HDCP 2.2 protection for 4K content might be expensive and problematic for consumers
Stephan Jukic – February 10, 2015
While 4K ultra HD content is still in its early growth phase with a long way to go before it replaces HD in any significant way, that’s not stopping the content industry from embarking on a highly active effort to protect what 4K UHD media it has created and distributed to viewers so far.
The main part of this content protection comes in the form of the HDCP 2.2 protocol, which is an update to the now 10 years out-of-date HDCP specification for HD content protection. HDCP stands for High-bandwidth Digital Content Protection.
HDCP 2.2 may have been built by the media creators to fight against content theft by digital pirates but as it now seems, the specification actually also has a lot of potential to inconvenience the normal consumers of content who just want to enjoy 4K movies and TV shows.
Let’s cover the details.
How HDCP 2.2 works
The HDCP 2.2 specification, like its predecessor, was created by Intel to ensure the secure transmission of UHD content that moves from media players, cable boxes, satellite receivers and assorted other home entertainment components that include TVs themselves.
The point of the protocol is to keep someone from plugging into the transmission chain anywhere along the line and “stealing” illegal copies of a piece of content like a movie.
Now, while DRM covers content itself in encryption, HDCP actually secures the links between media sources and the devices that play media, such as TVs, PC monitors or projectors. It does this through a somewhat complex process of encrypted “handshakes” between mutually compatible encryption keys.
While most people who know about HDCP 2.2 associate it with HDMI cables, the specification is also used in DVI, USB and DisplayPort connections.
The original HDCP was built like this too but later turned out to be highly ineffective at actually protecting content since researchers discovered that it was easily breakable only 3 years after first being unveiled. The same applied to its 2.0 and 2.1 versions.
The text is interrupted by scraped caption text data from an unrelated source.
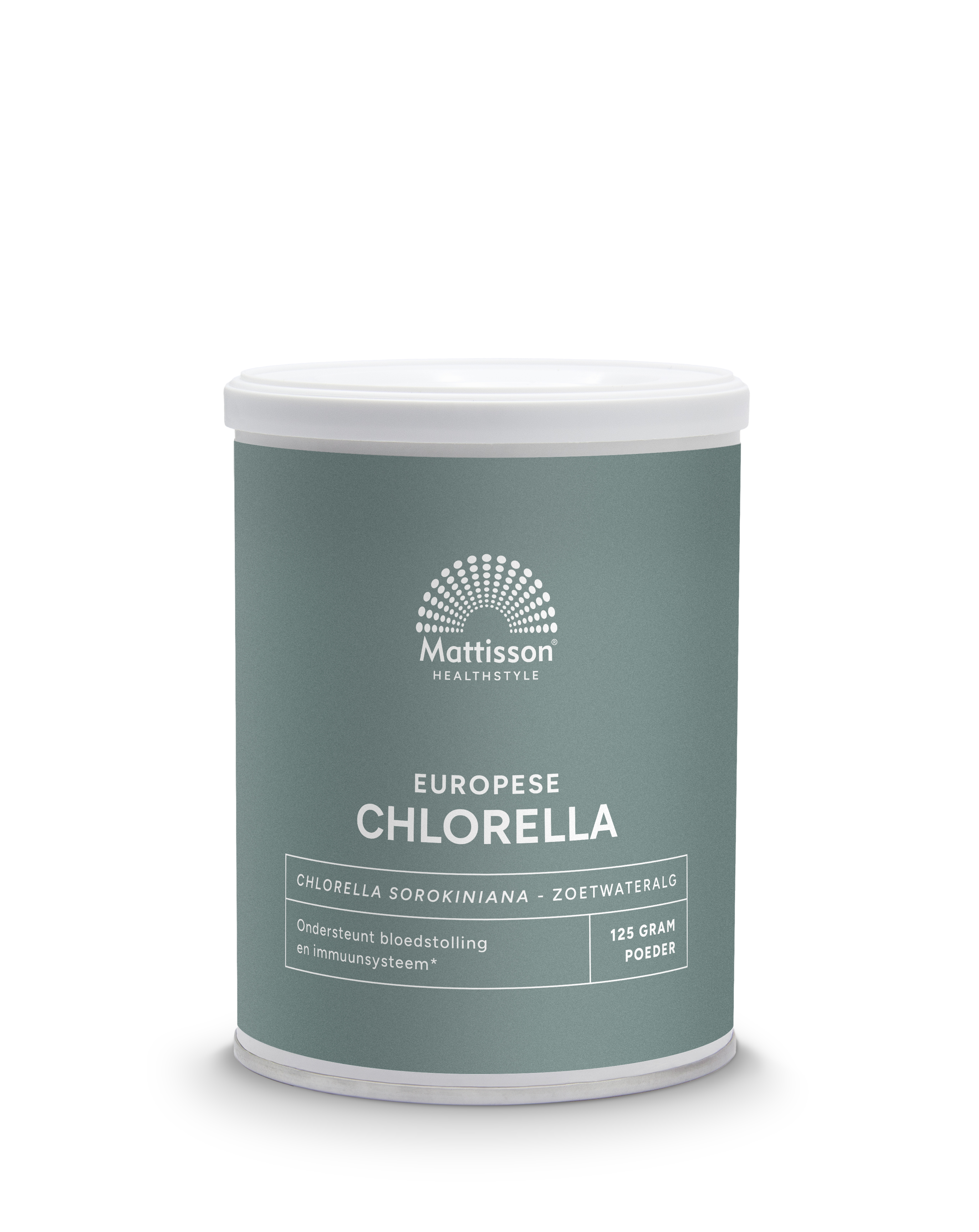 Mattisson HealthStyle Europese Chlorella Poeder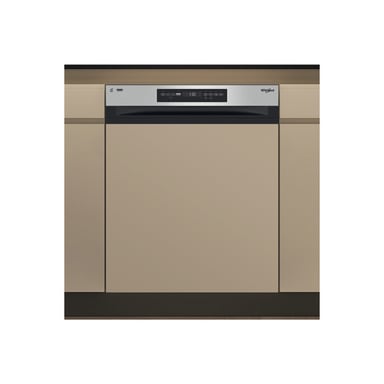 Lave vaisselle encastrable integrable - 60 CM - Argent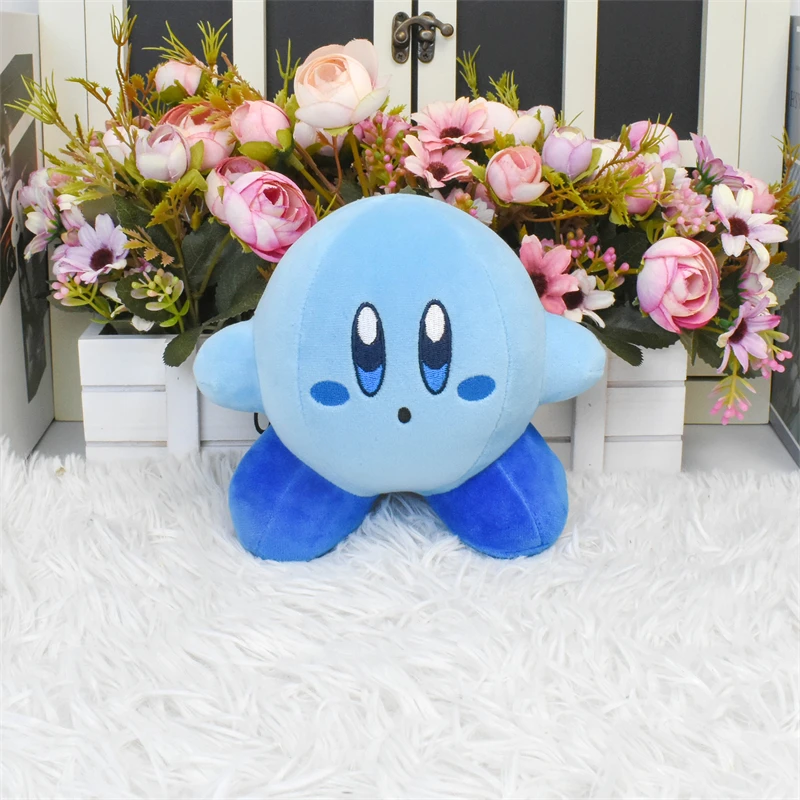 Muñecos de Peluche Kawaii Kirby Waddle Dee, muñecos suaves de 9 estilos, estrella de Anime, Kirby, animales de Peluche, regalos de cumpleaños y Festival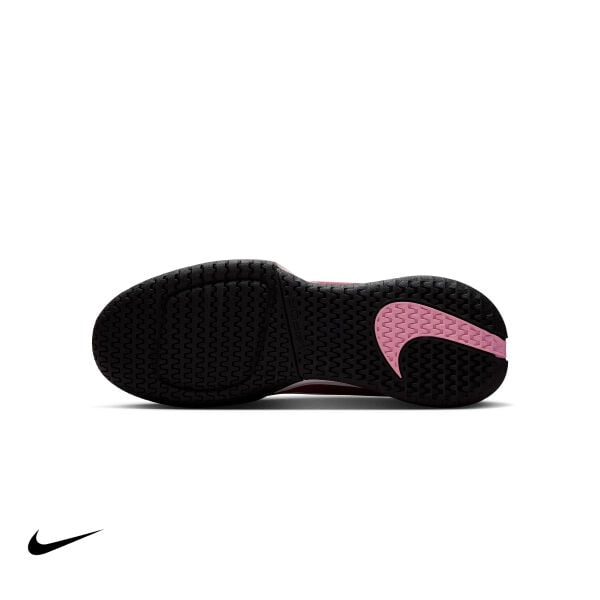 Nike Vapor Pro 3 Kadın Tenis Ayakkabısı – Pink Smoke/Vast Grey/Black/White (Hard Court)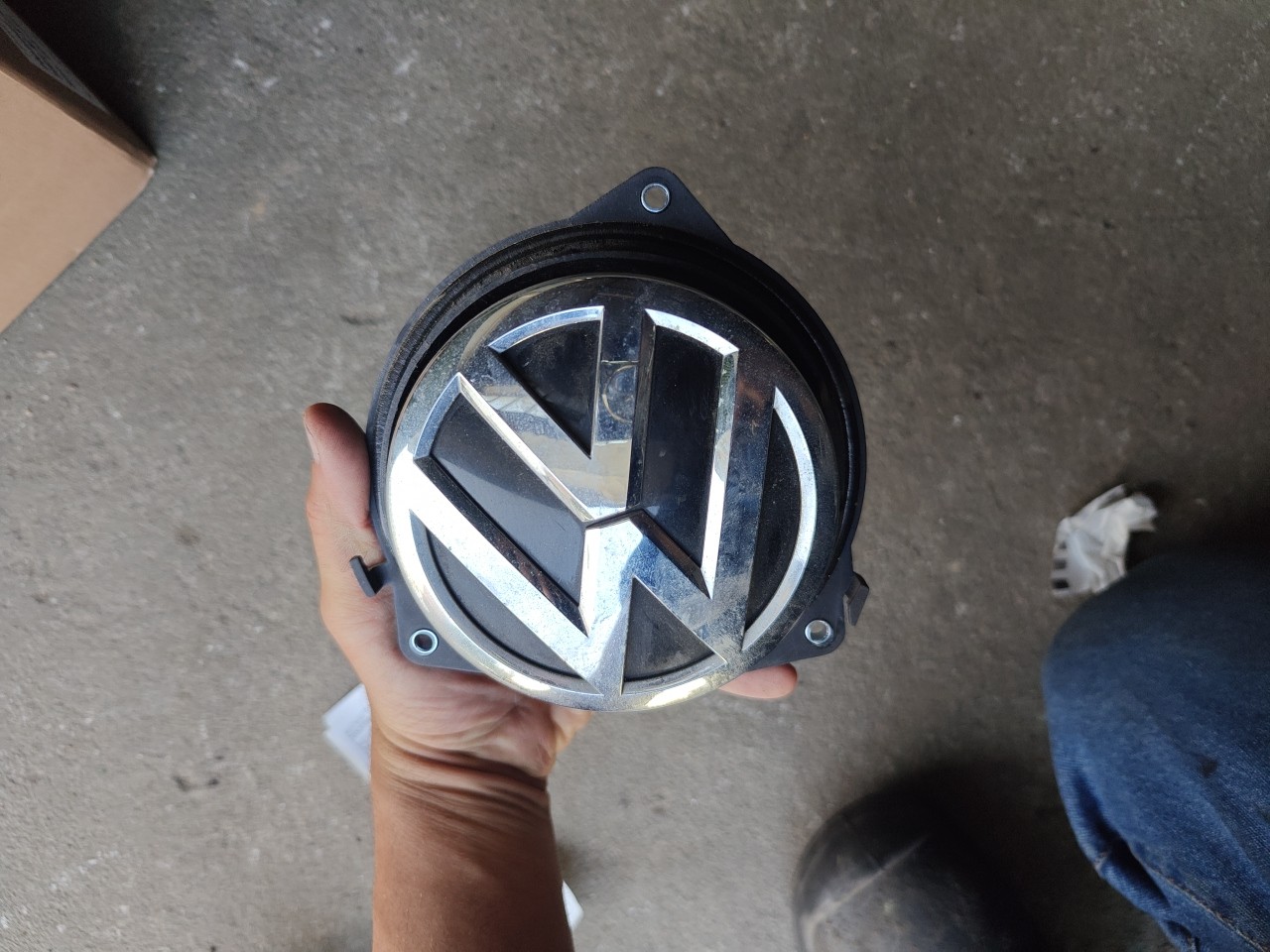 Puxador Exterior da Mala VOLKSWAGEN POLO (6R1, 6C1) | 09 -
This is why the creators of HDCP 2.2 decided to take things even further and make the latest version of the protocol even more complex and loaded with conditions that must be met before content is displayed. As a result, HDCP 2.2, while protecting content as rigorously as promised, also is highly subject to problems with content display even when the conditions are legitimate.
The potential consumer headache of HDCP 2.2
The above conditions of HDCP 2.2 may be a great deterrent to content pirates but they’re also a possible problem for regular content subscribers for a number of reasons.
For starters, the latest version of HDCP isn’t compatible with older versions of the system. This means that users who get a new 4K entertainment rig can’t use it with older media devices and players, at least not whenever they want to watch any 4K content, because their entire chain of home devices has to include HDCP 2.2 for that to happen. This means that all HDMI cables, media players, TVs, sound systems or AV receivers have to suddenly be new enough for HDCP 2.2 or no ultra HD content will appear on your screen.
So unless you plan on using your ultra HD TV/home entertainment system exclusively for HD and sub-HD content, updating everything for HDCP 2.2 will be crucial.
Furthermore, even many 4K compatible devices don’t even include the HDCP 2.2 protocol. Why? Because the ruling by the Consumer Electronics Association which stipulated that all such devices must have at least one port for supporting HDCP 2.2 didn’t come into effect until September of 2014. For a lot of UHD TVs and media players built before that date, HDCP’s 2.2 version wasn’t included!
In simple terms, while HDCP 2.2 will soon be available across the board for all media devices in this new 4K UHD world of entertainment, it isn’t yet and if you want that 4K entertainment in your home now, either keep your chain of devices as simple and affordable as possible or be ready to spend quite a bit more money than that which you’d spend on just the 4K TV alone.